6 Time Management Tips for Teachers


Teaching inherently takes up a lot of time. Not only is there the time spent in the classroom, but there’s also the time spent lesson planning, grading, running clubs, keeping up with professional development, attending school functions, and more. As a result, time management for teachers is essential. Not only can it help you get more out of your day, but it can also help you prevent burnout. This is especially important given the record number of teachers experiencing burnout. While there may be structural changes that need to be made on the admin and district level, these time management tips for teachers can help set you up for success ahead of back-to-school.

1. Organize and schedule your priorities for the day.

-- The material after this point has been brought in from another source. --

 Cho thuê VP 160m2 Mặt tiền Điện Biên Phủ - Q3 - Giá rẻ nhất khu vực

Setting up a schedule is key to managing your time as a teacher, both during class and outside of it. To organize your schedule, identify what your top, middle, and low priorities are, and write it down if you find that helpful. Next, consider and reflect on your students’ energy and your own throughout the day. Perhaps your students tend to return from recess with a ton of energy. Planning more social activities or active lesson plans to be right after recess could help channel students’ energy into a productive learning moment. 

Varying the types of tasks students complete throughout the day can also be beneficial. Rather than schedule high-priority, high-focus tasks one right after the other, consider alternating them with more restorative activities like a simple art project or quiet reading time. This way, both you and your students have some time to recharge before moving onto the next priority. You can also make sure your students understand what the day’s schedule and priorities are using classroom decor, learning objectives, and bulletin boards.

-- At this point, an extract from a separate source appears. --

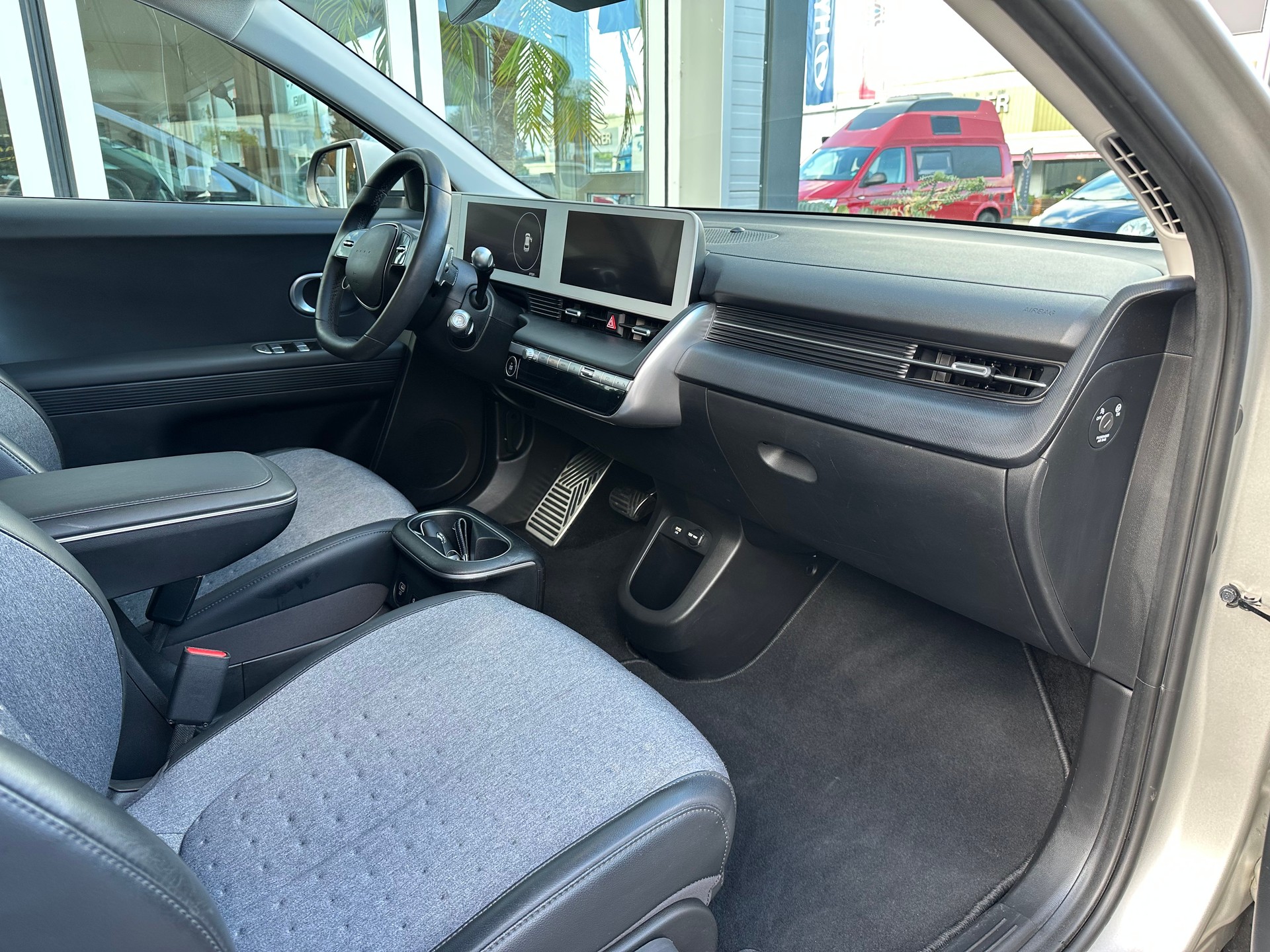 HYUNDAI Ioniq 5 72kWh Look 4WD-image-10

2. Get things done with to-do lists.

This teacher time management tip may sound basic, but having a to-do list can give you a bird’s eye view of what needs to get done. When writing your list, try to make sure it’s realistic. You can group tasks by what needs to get done daily, weekly, monthly, and yearly in order to help with this. For example, organizing materials may be a daily task, but sending out a parent newsletter might be a weekly or monthly task. 

You can also save time by chunking the same types of tasks together. Checking all of your emails first, then doing all your grading for the day, then doing your parent communication can be faster than switching back and forth among the 3 tasks. If a task on your list sounds overwhelming, however, consider breaking it down into smaller, more manageable steps.

Lastly, consider the importance and impact of the tasks on your list. The time management matrix breaks work down by labeling it as urgent or not urgent, and important or not important. 

This creates 4 categories of work to split your list into:

  • Important-Urgent Tasks, which have set deadlines with clear consequences.
  • Important-Not Urgent Tasks, which contribute to your goals but don’t have set deadlines.
  • Not Important-Urgent Tasks, which have to be done but don’t require your specific skills—making them great tasks to delegate or do in bulk.
  • Not Important-Not Urgent Tasks, which can be distractions if not done in moderation.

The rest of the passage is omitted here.